• [TASK BRIEF] Please copy every line of the material exactly.

• [SOURCE DATA]
#####
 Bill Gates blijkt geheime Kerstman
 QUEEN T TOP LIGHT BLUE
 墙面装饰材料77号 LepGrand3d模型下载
#####
• [OUTPUT]
 Bill Gates blijkt geheime Kerstman
 QUEEN T TOP LIGHT BLUE
 墙面装饰材料77号 LepGrand3d模型下载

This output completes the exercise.